* [TASK REQUIREMENTS] Where the line containing "Ankle Boots with" appears below, start there and repeat each line exactly to the end. Leave the pictures out.

* [SUPPLIED INFORMATION]
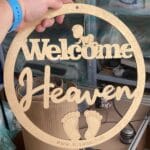 Welcome Heaven sign with baby footprints and name, gold version.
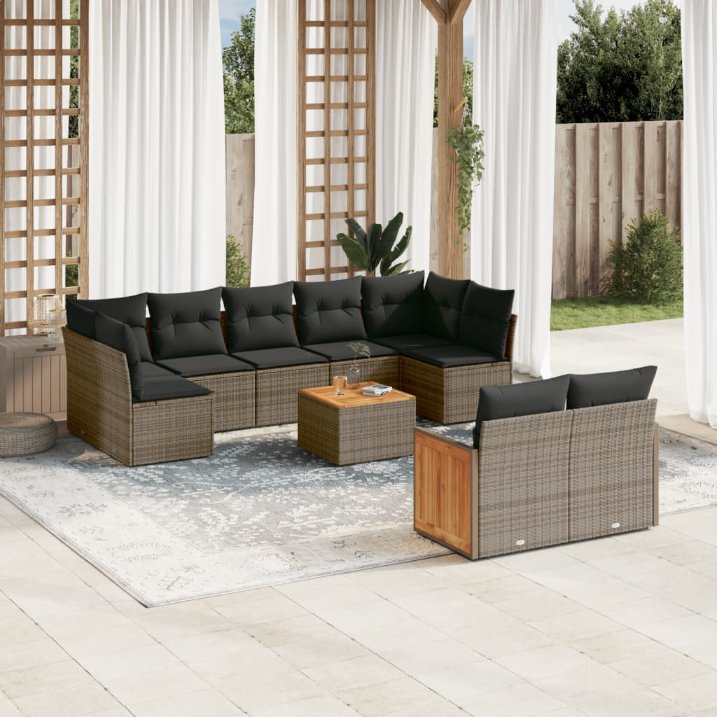 9-tlg. Garten-Sofagarnitur mit Kissen Schwarz Poly Rattan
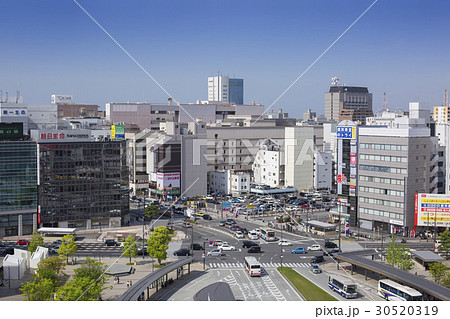 大分駅前ロータリーの写真素材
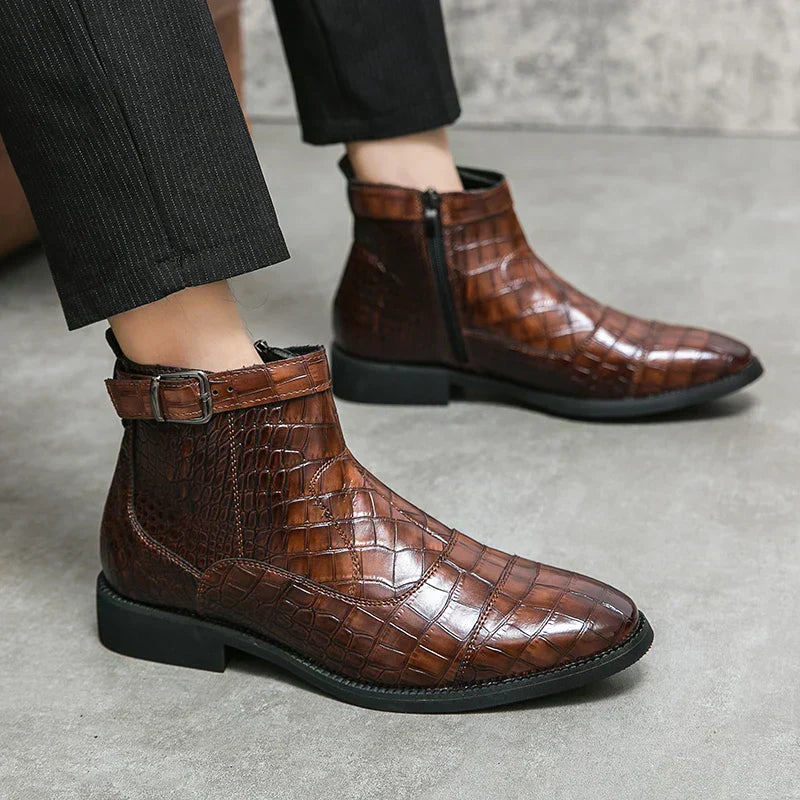 Ankle Boots with Buckle Made of Synthetic Leather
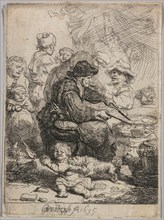 The Pancake Woman, 1635. Rembrandt van Rijn (Dutch, 1606-1669). Etching; sheet: 10.1 x 8 cm (4 x 3
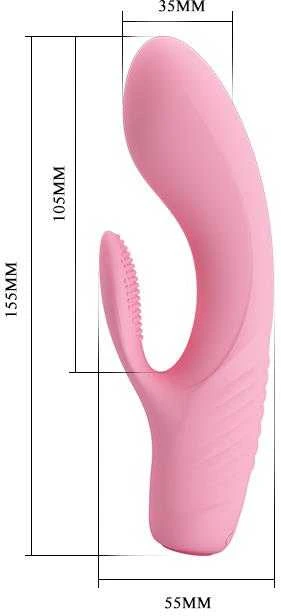 Vibratorius Pretty Love su klitorio masažuokliu ir 15 cm išsikišimais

* [EXPECTED ANSWER]
 Ankle Boots with Buckle Made of Synthetic Leather
 The Pancake Woman, 1635. Rembrandt van Rijn (Dutch, 1606-1669). Etching; sheet: 10.1 x 8 cm (4 x 3
 Vibratorius Pretty Love su klitorio masažuokliu ir 15 cm išsikišimais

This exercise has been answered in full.